Het eerste middel bevat elf onderdelen: onjuist vereiste van „het juist kunnen vatten”; niet-inaanmerkingneming van reeds op de markt bestaande waren; vaststellingen met betrekking tot het onthullen van de voorstelling van het merk op basis van een onjuiste voorstelling van de feiten en van de bewijzen; te strikte uitlegging van het criterium „technische functie”; niet-inaanmerkingneming van het ontbreken van wezenlijke willekeurige kenmerken; onjuiste overwegingen met betrekking tot het algemeen belang; onjuiste juridische beoordeling van het belang van het ontbreken van alternatieve vormen; vaststelling van alternatieve vormen op grond van een onjuiste voorstelling van de feiten en van de bewijzen; onjuiste juridische criteria met betrekking tot het oorzakelijk verband en het resultaat van een technische functie; irrelevantie van de mogelijkheid van kubussen zonder zichtbare lijnen; onjuiste conclusie waarbij het vermeende niet-technische karakter van een subcategorie van waren wordt uitgebreid tot alle waren waarvoor een merk is ingeschreven.
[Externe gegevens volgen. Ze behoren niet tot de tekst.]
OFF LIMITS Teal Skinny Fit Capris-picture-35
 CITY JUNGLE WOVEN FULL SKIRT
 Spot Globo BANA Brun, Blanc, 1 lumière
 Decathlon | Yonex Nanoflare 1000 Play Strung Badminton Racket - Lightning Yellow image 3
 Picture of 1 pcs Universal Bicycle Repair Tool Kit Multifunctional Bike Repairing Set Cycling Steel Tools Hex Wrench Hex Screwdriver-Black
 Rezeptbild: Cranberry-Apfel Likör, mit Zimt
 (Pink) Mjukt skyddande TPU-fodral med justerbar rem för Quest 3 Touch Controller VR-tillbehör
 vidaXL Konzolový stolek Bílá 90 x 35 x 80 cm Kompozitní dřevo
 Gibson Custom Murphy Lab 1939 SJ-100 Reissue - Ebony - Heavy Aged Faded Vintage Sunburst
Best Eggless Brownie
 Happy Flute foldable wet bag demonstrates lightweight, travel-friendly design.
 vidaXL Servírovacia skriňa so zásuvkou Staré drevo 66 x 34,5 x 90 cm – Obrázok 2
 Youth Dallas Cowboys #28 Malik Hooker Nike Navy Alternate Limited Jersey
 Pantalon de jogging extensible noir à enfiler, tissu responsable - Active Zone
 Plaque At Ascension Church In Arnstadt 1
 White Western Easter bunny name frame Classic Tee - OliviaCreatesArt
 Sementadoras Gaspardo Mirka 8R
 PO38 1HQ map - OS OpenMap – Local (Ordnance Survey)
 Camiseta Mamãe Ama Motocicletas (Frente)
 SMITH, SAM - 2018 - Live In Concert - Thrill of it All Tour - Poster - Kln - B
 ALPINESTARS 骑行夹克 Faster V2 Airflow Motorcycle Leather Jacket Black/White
Het tweede middel omvat één onderdeel: niet-inaanmerkingneming van het feit dat de wezenlijke elementen functioneel zijn.

Het derde middel omvat één onderdeel: niet-inaanmerkingneming van het feit dat de wezenlijke elementen een wezenlijke waarde aan de waar geven.

Het vierde middel bevat elf onderdelen: onjuiste juridische beoordeling van de bewijslast; onjuiste analyse van de individuele kenmerken van het litigieuze merk; niet-inaanmerkingneming van de technische aard van de individuele kenmerken; ten onrechte louter beroep op de norm in de betrokken sector; onjuist criterium van „spontaan”; onjuiste conclusie waarbij het vermeende onderscheidend vermogen van een subcategorie van waren wordt uitgebreid tot alle waren waarvoor een merk is ingeschreven; onjuiste toepassing van het criterium van „de meest waarschijnlijke vorm”; afwijzing van de magische kubus als de meest waarschijnlijke vorm louter door een onjuiste voorstelling van de feiten en van de bewijzen; onjuiste beoordeling van het onderscheidend vermogen louter uit het oogpunt van de consument; onterechte weigering om rekening te houden met specifieke waren die reeds op de markt zijn gebracht; onjuiste juridische criteria voor de beoordeling van de relevantie van de waren die reeds op de markt zijn.

Het vijfde middel bevat acht onderdelen: onjuist vereiste van „eenduidigheid”; onjuist „spontaan”-vereiste; onjuiste uitlegging van het criterium van een „rechtstreeks en concreet verband”; onjuiste analyse van het beschrijvend karakter louter gelet op de algemene formulering van de waren; onjuiste afbakening van het relevante publiek; onjuiste beoordeling van de kennis van het publiek; niet-inaanmerkingneming van toekomstige ontwikkelingen; onjuiste beoordeling van het algemeen belang door een onjuiste verwijzing naar alternatieve vormen.

Het zesde middel bevat één onderdeel: onjuiste vaststelling van feiten zonder bewijzen.

____________

____________

1 Verordening (EG) nr. 40/94 van de Raad van 20 december 1993 inzake het gemeenschapsmerk (PB L 11, blz. 1).

2 Verordening (EG) nr. 207/2009 van de Raad van 26 februari 2009 inzake het gemeenschapsmerk (PB L 78, blz. 1).